The result is "Expecting Miracles: Finding Meaning and Spirituality in Pregnancy Through Judaism," which was released this week in Israel by Urim Publications. The book is a collection of interviews with 23 Orthodox and ultra-Orthodox mothers in Jerusalem about their physical challenges and spiritual growth during their pregnancies. Of the interviewees, 15 are immigrants from the United States, England, or South Africa. Almost half only became religiously observant as adults. Weisberg also includes interviews with female Jewish educators and two Jerusalem-area midwives. The book will be available outside of Israel at the end of August, the publisher says.

According to Weisberg, like many women, "I used to see birth as something just to get through with as little pain as possible."

But her book, she says, expresses "the school of thought that it's not something just to get through, but something to learn from and grow from, that it can be the highest spiritual experience of your life."

Most previous books about Judaism and pregnancy focused on Jewish legal aspects of childbearing or on health and fitness, sometimes weaving in Jewish folklore or special prayers for pregnant women. One, "A Time to Be Born," written by Anglo-Israeli Michele Klein, describes pregnancy-related traditions and folklore from different Jewish communities and time periods. Sarah Goldstein's "Special Delivery" is a collection of Jewish women's birth stories. "Expecting Miracles," however, is the first publication to use interviews with contemporary Orthodox women to examine how they use their pregnancies as vehicles to feel closer to the Divine.

Weisberg, who says she was "blown away" when she discovered the lack of rabbinic literature about pregnant women's relationships with God, said that the absence of such discussion in traditional Jewish texts allows women to "have their own ways of seeing their connections between Judaism and pregnancy. We make up our own perushim [interpretations of religious texts or ideas] - perushim on our lives."

"Men wrote Jewish law," Weisberg notes, "but [finding spiritual meaning in life events] is something [women] are excellent at. It's so clear to us that childbearing is a way for us to serve God, that we don't need someone to tell us how to connect it to Hashem."

Rebetzen Chana Henkin, founder and dean of Jerusalem's Nishmat Center for Advanced Jewish Study for Women, who is featured in "Expecting Miracles," told Anglo File that "there cannot be a body of rabbinic literature speaking about the spirituality of pregnancy, because it's an experience that is totally feminine. The issues of feminine spirituality have to be developed by women." Weisberg's book, Henkin said, exposes the secret thoughts that praying women had always "inserted between the lines to make the prayer relevant to their own self." Indeed, Weisberg says that since the interviewees knew their identities would not be revealed in the book, many shared thoughts or experiences that no one had ever known except their husbands.
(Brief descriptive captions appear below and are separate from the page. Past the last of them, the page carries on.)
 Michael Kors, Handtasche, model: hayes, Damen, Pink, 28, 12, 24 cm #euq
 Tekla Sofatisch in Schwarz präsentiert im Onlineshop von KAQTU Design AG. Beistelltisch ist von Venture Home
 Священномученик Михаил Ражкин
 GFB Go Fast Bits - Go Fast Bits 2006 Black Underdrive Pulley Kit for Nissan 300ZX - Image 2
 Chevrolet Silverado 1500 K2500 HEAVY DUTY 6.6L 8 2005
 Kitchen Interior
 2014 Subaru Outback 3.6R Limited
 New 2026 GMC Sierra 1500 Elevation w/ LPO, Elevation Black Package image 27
According to Weisberg, almost none of the featured women are prominent members of their communities, simply friends of friends who were willing to open a window into their emotional lives. "I think people who are not religious just see these women at the Western Wall with their kids and don't really know who they are," Weisberg said. "As much as I hope the book will reach the hands of mothers and those who want to be inspired, I [also] hope it will reach the hands of those who have seen religious women and wondered what it is like for them."
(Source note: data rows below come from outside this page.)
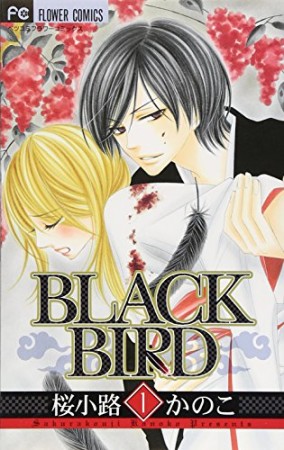 Black bird1巻の表紙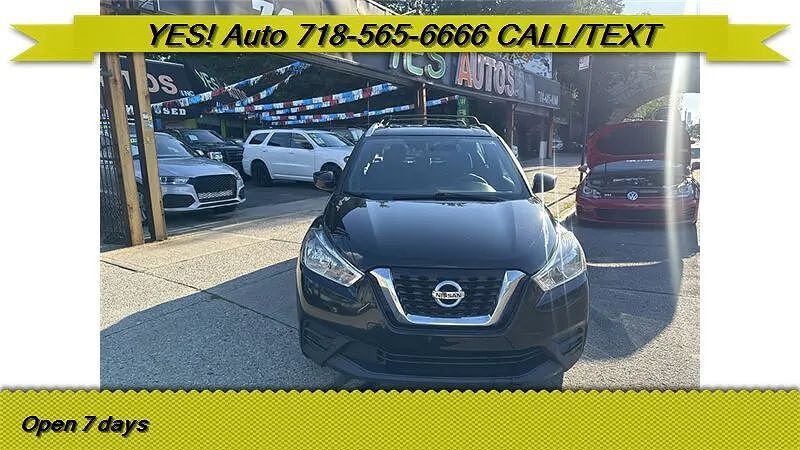 2019 NISSAN Kicks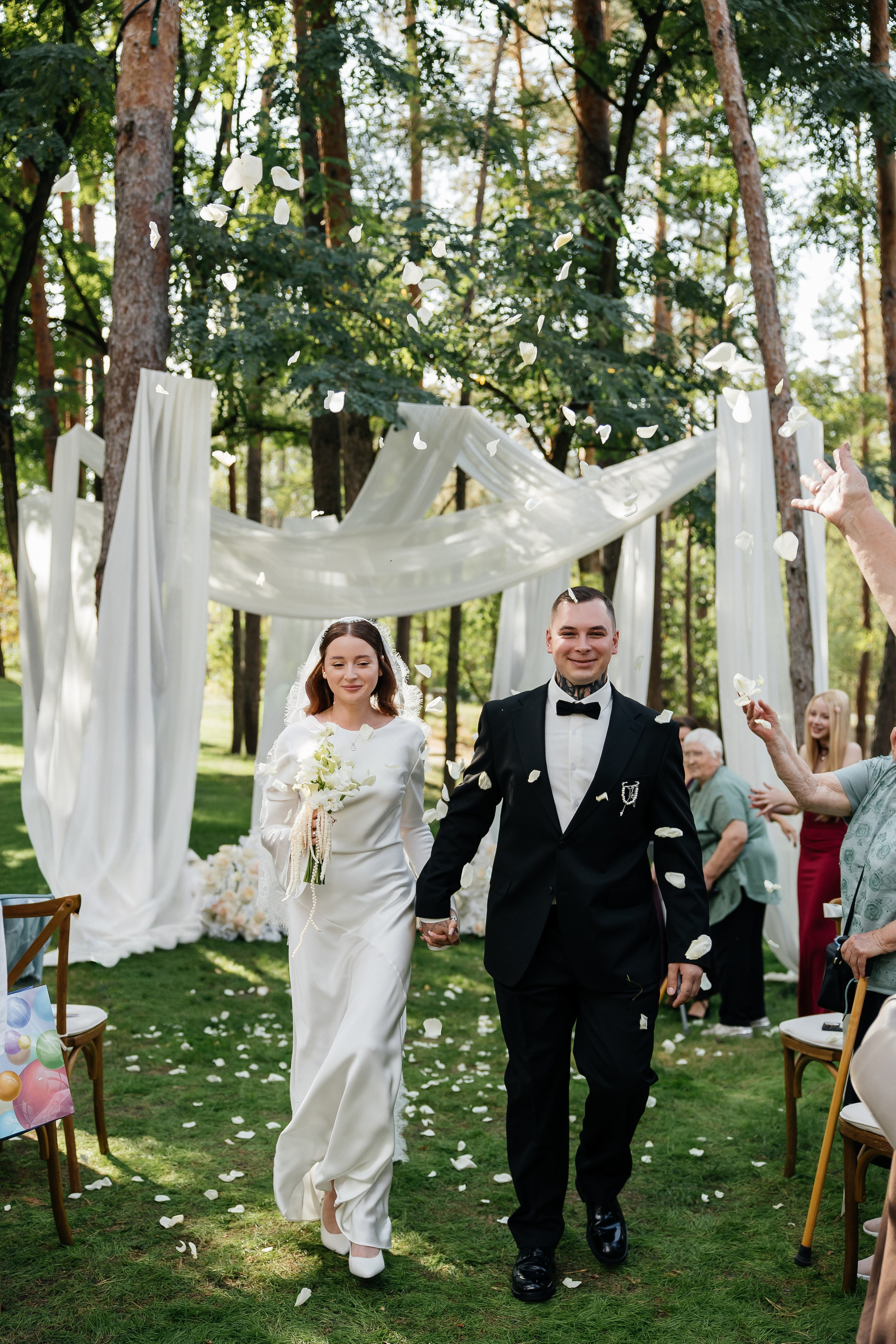 Mykhailo & Diana. Весільний фотограф Любов Шарко Черкаси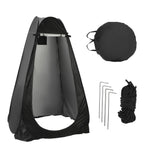 Tienda de Cambio Portátil para Exteriores para Privacidad, Ideal para Duchas de Camping y como Inodoro Móvil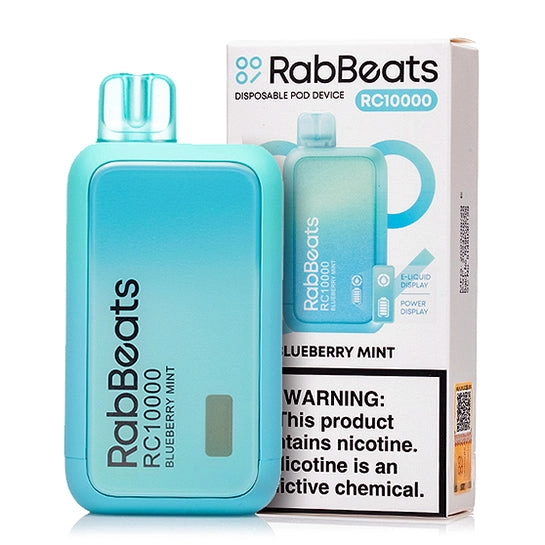 RabBeats RC10000 Disposable Vape - 10,000 Puffs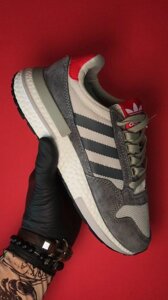 Кросівки Adidas ZX 500 RM Grey, кросівки адідас зх 500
The book does not, however, whitewash the experience of pregnancy. The stories include infertility, miscarriages, pain, exhaustion, high-risk births, C-sections, unsupportive grandparents, nausea and the ambivalence of first-time mothers about having a baby to begin with. The interviewees are frank about their physical and spiritual challenges, how they overcome them, and how they feel when they are unable to overcome them.

In anticipation of the book's publication, Weisberg created JewishPregnancy.org a couple of years ago, an online resource center and interactive community for Jewish women seeking spiritual meaning in pregnancy despite the morning sickness and aching backs. The site receives 300,000 visitors a year; Weisberg has received 1,000 grateful letters, particularly from residents of diaspora communities where a pregnant Jewish woman might feel isolated.